必要なところだけ直すという考え方を持っておくと、自分の文章を残しやすくなります。
AIは「書き直す人」より「一緒に確認する人」と考える
AIを文章修正に使うとき、必ず完成した文章を作ってもらう必要はありません。
「この説明で分かりにくいところはある?」
「同じ意味を繰り返している場所はある?」
「初心者には分かりにくい言葉を教えて」
このような使い方もできます。
AIに問題点を見つけてもらい、実際に直すかどうかは自分で決めるという方法です。
特に自分の経験や考えを含む文章では、この使い方のほうが元の雰囲気を残しやすいでしょう。

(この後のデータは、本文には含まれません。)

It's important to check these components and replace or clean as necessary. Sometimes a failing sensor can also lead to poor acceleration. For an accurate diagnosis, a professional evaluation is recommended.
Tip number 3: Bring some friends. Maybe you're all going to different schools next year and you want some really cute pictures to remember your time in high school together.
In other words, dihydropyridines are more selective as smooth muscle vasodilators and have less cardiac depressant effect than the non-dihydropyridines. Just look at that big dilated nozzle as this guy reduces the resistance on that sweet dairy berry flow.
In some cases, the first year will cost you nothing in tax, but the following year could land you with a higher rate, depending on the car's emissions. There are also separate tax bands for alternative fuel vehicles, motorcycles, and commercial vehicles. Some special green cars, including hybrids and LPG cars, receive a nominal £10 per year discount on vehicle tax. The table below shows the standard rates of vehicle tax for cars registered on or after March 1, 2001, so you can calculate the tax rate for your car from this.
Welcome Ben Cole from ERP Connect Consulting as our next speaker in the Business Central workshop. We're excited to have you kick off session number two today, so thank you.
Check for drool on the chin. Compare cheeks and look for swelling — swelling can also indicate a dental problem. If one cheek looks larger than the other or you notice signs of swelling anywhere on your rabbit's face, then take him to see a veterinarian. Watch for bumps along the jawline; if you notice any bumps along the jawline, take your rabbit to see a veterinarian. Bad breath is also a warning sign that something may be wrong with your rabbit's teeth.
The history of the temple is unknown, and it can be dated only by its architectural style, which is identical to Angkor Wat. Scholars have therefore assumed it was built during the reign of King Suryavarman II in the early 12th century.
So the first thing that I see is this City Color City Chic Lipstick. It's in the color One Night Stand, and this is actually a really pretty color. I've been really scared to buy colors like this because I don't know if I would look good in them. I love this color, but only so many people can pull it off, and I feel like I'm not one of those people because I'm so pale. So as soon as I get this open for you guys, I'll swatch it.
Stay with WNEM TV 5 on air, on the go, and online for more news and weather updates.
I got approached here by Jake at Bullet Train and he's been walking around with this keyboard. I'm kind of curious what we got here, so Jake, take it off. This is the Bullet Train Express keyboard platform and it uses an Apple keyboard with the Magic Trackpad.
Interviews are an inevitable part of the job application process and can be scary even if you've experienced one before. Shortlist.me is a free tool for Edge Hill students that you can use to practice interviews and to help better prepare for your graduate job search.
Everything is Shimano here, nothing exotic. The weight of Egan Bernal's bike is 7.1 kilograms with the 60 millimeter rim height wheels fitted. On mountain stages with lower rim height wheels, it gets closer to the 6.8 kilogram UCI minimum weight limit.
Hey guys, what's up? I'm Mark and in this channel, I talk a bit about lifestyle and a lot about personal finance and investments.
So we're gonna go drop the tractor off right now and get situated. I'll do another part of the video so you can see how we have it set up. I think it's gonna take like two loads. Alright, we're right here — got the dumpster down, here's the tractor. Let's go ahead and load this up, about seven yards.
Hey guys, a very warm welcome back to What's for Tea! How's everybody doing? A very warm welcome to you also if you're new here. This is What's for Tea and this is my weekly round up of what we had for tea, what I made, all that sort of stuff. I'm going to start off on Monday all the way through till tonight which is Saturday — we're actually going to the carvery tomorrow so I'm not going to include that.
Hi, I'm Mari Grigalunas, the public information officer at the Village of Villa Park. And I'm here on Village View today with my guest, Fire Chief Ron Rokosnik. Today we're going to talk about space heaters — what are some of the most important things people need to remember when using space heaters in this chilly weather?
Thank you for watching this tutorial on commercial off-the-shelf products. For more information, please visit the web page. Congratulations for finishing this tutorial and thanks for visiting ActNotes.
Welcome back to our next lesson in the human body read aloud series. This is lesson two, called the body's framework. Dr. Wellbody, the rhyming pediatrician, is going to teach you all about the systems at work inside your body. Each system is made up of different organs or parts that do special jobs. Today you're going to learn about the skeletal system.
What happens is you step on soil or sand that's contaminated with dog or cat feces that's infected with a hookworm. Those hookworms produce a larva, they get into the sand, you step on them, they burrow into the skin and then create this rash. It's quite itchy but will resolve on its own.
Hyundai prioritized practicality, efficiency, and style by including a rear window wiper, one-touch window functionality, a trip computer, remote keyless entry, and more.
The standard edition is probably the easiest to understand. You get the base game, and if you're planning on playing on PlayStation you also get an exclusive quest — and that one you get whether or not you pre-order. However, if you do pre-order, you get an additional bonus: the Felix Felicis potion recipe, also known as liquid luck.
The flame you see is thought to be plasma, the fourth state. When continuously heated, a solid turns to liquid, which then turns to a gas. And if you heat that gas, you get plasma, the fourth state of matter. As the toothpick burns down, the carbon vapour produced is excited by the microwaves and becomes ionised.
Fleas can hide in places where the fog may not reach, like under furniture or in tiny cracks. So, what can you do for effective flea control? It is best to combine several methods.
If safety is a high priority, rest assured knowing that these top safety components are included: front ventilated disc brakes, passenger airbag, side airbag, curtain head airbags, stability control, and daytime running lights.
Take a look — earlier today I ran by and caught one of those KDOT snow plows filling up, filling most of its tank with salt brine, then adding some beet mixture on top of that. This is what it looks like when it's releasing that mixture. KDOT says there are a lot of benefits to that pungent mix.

AIに全部書いてもらうだけでなく、自分では気づかなかった部分を探すための「確認役」として使うのも一つの方法です。
今日からできること
1.AIへ渡す前の文章を残しておく
修正前の文章を残しておけば、変更された場所を確認できます。
気に入らなければ元へ戻せるので、安心して試しやすくなります。
2.「変えない部分」を先に伝える
「体験部分は変更しない」「内容は追加しない」など、守ってほしい条件を具体的に伝えてみましょう。
3.一度に全部ではなく一部分だけ試す
長い記事なら、まず導入文や一つの見出しだけAIに確認してもらいます。
修正のされ方を確認してから次へ進むと、必要以上の変更を防ぎやすくなります。
まとめ
AIは、長い文章を読みやすく整えるときにも便利な道具です。
しかし、すべてを任せれば必ず自分が求めている文章になるわけではありません。
誤字を探してもらう、読みにくい場所を指摘してもらう、表現だけ整えてもらうなど、AIに任せる範囲を決めることが大切です。
そして、体験や意見など自分にしか書けない部分はできるだけ残しておきましょう。
AIで文章を完成させるというよりも、自分で書いた文章を一緒に確認してもらう。
そんな使い方を意識すると、元の内容を大切にしながら文章を整えやすくなります。